Tallies of magazine launches are pretty well established. Samir Husni has made a virtual franchise of his annual round-up of new titles, and many media outlets treat the annual story a barometer of magazine industry health.
With the world economy lurching backward, what was once covered annually is now reported quarterly, or even monthly. Earlier this week, the folks at MediaFinder, a unit of Oxbridge Communications, picked up the quarterly crystal ball and saw 2009 launches (110) outpacing 2009 closings (95). They seem to have treated conversions from print to “just” digital (16) as something akin to Switzerland: studiously neutral.
I don’t have a problem with tallies, all in all. Round-up stories are a good peg, and reading the article let me know that one of my subscriptions is going away. But I don’t buy the underlying premise that more new magazines means things are better for the magazine business.

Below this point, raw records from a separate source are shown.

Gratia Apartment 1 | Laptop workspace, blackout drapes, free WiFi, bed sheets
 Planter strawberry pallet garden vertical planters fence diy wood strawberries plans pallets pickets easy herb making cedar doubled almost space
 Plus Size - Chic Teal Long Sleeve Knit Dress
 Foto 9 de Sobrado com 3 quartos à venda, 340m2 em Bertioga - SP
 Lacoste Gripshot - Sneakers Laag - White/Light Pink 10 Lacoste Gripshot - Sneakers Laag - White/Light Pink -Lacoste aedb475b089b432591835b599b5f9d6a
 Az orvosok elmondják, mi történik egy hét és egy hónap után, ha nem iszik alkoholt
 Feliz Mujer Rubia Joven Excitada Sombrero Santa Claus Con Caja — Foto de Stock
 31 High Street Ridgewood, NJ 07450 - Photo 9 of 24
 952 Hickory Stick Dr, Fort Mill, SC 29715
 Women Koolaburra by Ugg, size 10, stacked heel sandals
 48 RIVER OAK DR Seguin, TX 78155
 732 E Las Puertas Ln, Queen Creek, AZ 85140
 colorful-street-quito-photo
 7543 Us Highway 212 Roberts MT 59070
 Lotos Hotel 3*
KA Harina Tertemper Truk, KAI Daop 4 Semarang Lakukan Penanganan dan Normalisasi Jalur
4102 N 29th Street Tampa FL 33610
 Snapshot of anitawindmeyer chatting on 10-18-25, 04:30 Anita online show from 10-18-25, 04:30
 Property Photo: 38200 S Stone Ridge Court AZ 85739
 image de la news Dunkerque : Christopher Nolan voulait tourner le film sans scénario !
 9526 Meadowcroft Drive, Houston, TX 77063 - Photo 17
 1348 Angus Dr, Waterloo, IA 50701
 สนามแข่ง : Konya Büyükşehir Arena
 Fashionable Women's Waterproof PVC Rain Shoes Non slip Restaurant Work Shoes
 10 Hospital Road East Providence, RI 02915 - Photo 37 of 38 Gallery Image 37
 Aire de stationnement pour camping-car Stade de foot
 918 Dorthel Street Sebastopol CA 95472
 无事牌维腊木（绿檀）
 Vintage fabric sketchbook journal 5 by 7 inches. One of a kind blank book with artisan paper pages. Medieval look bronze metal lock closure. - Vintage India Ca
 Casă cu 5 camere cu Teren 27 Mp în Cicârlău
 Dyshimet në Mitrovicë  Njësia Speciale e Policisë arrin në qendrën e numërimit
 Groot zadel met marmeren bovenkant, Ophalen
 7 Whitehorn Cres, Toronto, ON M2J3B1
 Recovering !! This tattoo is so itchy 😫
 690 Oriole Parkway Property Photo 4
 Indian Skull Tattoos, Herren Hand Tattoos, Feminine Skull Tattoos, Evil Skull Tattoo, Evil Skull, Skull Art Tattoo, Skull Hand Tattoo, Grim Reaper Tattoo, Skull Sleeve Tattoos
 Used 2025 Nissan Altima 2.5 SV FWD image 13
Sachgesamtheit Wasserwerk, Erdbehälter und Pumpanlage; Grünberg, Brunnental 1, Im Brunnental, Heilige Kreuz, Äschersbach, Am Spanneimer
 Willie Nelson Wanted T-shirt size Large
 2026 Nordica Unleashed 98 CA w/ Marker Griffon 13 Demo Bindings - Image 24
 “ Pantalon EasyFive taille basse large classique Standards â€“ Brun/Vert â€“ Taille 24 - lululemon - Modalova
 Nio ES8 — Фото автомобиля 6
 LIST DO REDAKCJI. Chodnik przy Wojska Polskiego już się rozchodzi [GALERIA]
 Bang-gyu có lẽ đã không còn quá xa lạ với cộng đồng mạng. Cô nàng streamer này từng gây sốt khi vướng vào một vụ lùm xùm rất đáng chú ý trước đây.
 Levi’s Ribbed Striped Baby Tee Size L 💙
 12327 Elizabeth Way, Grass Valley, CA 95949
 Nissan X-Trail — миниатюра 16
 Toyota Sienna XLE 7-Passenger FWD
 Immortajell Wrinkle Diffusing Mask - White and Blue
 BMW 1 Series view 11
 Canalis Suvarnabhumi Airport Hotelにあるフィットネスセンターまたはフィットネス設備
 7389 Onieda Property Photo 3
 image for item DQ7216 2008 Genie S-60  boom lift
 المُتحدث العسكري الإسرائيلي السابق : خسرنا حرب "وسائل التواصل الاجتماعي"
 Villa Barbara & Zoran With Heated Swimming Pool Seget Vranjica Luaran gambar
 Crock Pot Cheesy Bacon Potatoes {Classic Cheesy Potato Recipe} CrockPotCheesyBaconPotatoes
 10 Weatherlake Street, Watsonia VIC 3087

First, there is no standard definition of what a launch might be. I can live without one, but if we’re going to say what something means, we should at least agree on what it is.
Second, in a market in which ad revenues are falling and circulation sales have dropped far more sharply than at any time in memory, measuring the mere presence of launches seems selfish at best and foolhardy at worst. We’re on a precipice, and it’s cavalier to celebrate “more magazines” as if their mere presence will draw revenue into the mix. Maybe the measure should count launches whose circulation revenues can sustain both operations and growth.
Finally, not all launches are created equal. A one-shot is not quarterly; a quarterly is not a monthly; a monthly is not a weekly. Growth in specific categories can reflect strong ties with an audience, or it might reflect an opportunistic chase for projected ad revenues. Counting them all as “one” launch mixes apples and oranges.
We’d all like to see signs that magazines are returning to health. I’d propose a simple indicator: total circulation revenue per issue delivered. What audiences pay for is a better proxy for what they actually want.